2g. Calculate and interpret expected values

  • What is the expected value of a distribution and how is it related to the mean of a set of data?

The expected value of a distribution is another name for the mean of the distribution.

This means that if you take a large set of numbers which follows the original distribution, the arithmetic mean (sum divided by n) of those numbers should roughly equal the expected value of the distribution.

We calculate the value of a distribution by multiplying each value of x by its probability (the median of the interval if it is continuous) and then summing up those numbers.

Review this material in Probability Distributions for Discrete Random Variables.


2h. Identify the binomial probability distribution, and apply it appropriately

  • What is a binomial experiment?
  • What is a binomial distribution? What characteristics do a set of events have to have to follow a binomial distribution?

A binomial experiment is an random experiment that has exactly two possible values (quantitative or qualitative) for x:

Flipping a coin: x = {heads, tails}

Answer to a true-false question: x = {true, false}

Free throw in basketball: x = {made, not made}

A binomial distribution is the distribution of the discrete random variable x, where x represents the number of successes out of n possible events. Note that we mean success in a generic sense: success may not be something positive. "Success" means the characteristic you are looking for or researching, regardless of whether you consider the outcome to be good or bad.

In our basketball free-throw example, if a player takes 10 free-throw shots, they will be successful zero to 10 times. Possible values for x include {0, 1, 2, 3, 4, 5, 6, 7, 8, 10}.

These values and their associated probabilities comprise a binomial probability distribution, which must have three criteria:

  1. All experiments are binomial.
  2. All experiments will succeed or fail independently of each other (that is, all free throws are independent events).
  3. All experiments have an equal probability of success.

A binomial distribution is a family of distributions where each specific distribution consists of two parameters: n = the number of experiments, p = the probability of success per experiment.

For our basketball example, if the player hits their free throws 75% of the time, we would define this distribution as binomial with n = 10 and p = 0.75. There are an infinite number of possible binomial distributions, with each combination of n & p making a unique distribution. 

TIP: Any specific distribution within a family of distributions is defined by its parameter(s). For example, binomial distributions have parameters n & p.

We can calculate the expected value of this distribution by multiplying n and p, or n × p.

Review this material in The Binomial Distribution and Binomial Distribution.


2i. Identify the Poisson probability distribution, and apply it appropriately

  • Define a Poisson distribution. When can you use it to estimate a binomial distribution? 
  • Describe a second general use for Poisson distribution In addition to approximating a binomial distribution.
  • A binomial distribution with n = 20 and p = 0.4 gives the same lambda (or mean), and the same Poisson distribution as a binomial distribution with n = 2000 and p = 0.004. How can the same Poisson distribution be "equivalent" to multiple binomial distributions?

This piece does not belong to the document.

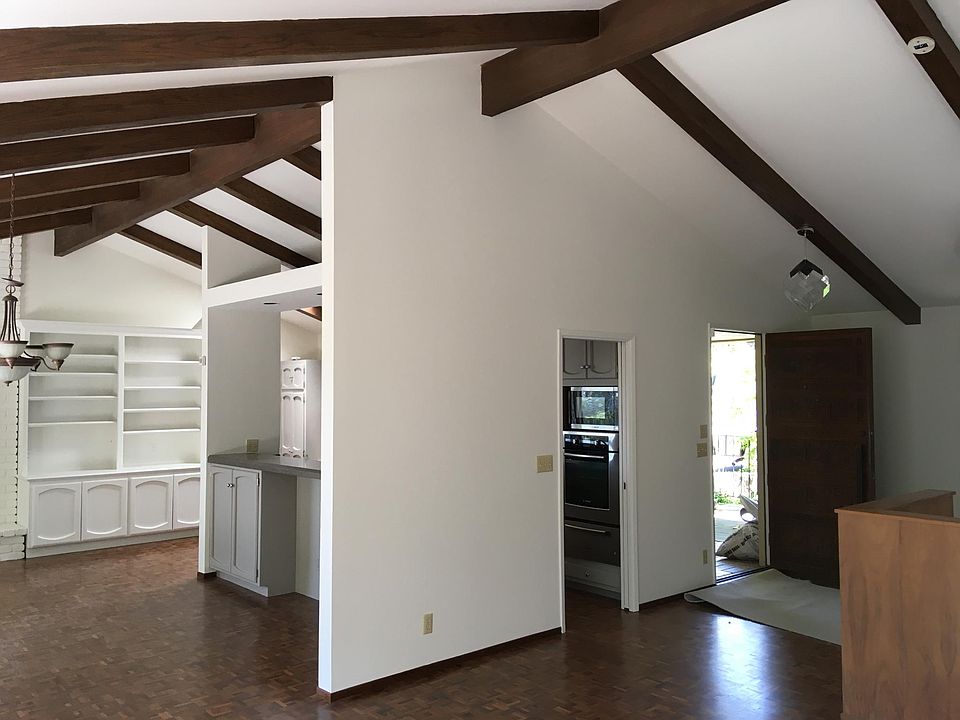 Top floor showing front entry, kitchen entry, dining room & built-in shelves & cabinets, from living room area.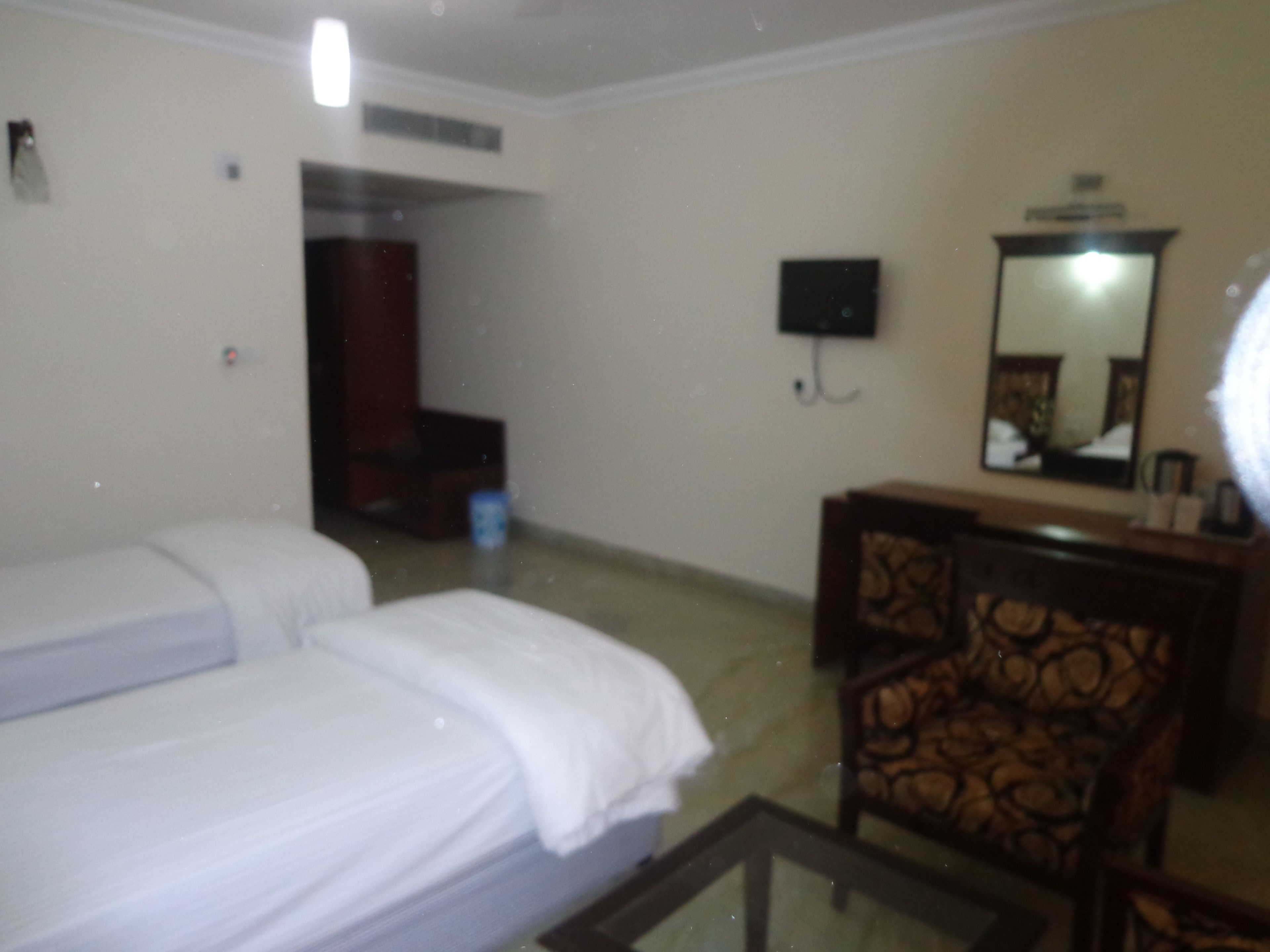 A hotel room with two beds, a desk, a chair, a mirror, and a television.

The Poisson probability family of distributions (pronounced pwah-SOHN) has two main applications:

  1. The Poisson distribution is related to the binomial distribution because you can use it to approximate the binomial distribution when n is a large value and p is a small value. Unlike the binomial distribution, the Poisson distribution is easier to calculate because it has only one parameter (represented by the Greek letter lambda λ) and the expected value. The calculation is n * p, just as for binomial distribution.

  2. Statisticians refer to the Poisson distribution as the distribution of rare events. Suppose 1,000 cars drive on a section of road every day, and 1.2 of them get into an accident on average. Since the mean is so small compared to n, we can model this using a Poisson distribution with  \lambda =1.2 . We can use the formula to find the probability of x = 1 accident, x = 2 accidents, and so on.

    A minor difference between the Poisson distribution and binomial distribution is that the binomial distribution is a discrete distribution, where all possible values of x are between zero and n. The Poisson distribution is discrete in that x only has a fixed set of values: in theory it can have ANY whole number value from zero to infinity.

    For our car example, any probability for x greater than, let's say five, is so remote that it is effectively zero. Theoretically we could calculate the probability p(x = 150).

    How would you calculate Lambda? x = the expected number of occurrences during a fixed time period. So if a toll booth averages 45 cars per hour, and your fixed time period is 10 minutes, then the value of λ would be the expected number in 10 minutes, so 45 per 60 minutes would be 7.5. Note that although they are discrete, the expected value for the binomial and Poisson distributions do not have to be a whole number.

Finally, for each of the two distributions in the third question above lambda  \lambda =8 . However, you should see that finding the probability p(x = 7) gives the same answer for two different distributions. The Poisson distribution is a more accurate approximation for the second distribution than for the first. The Poisson distribution is a better predictor of the binomial distribution, the larger n gets (and the smaller p gets).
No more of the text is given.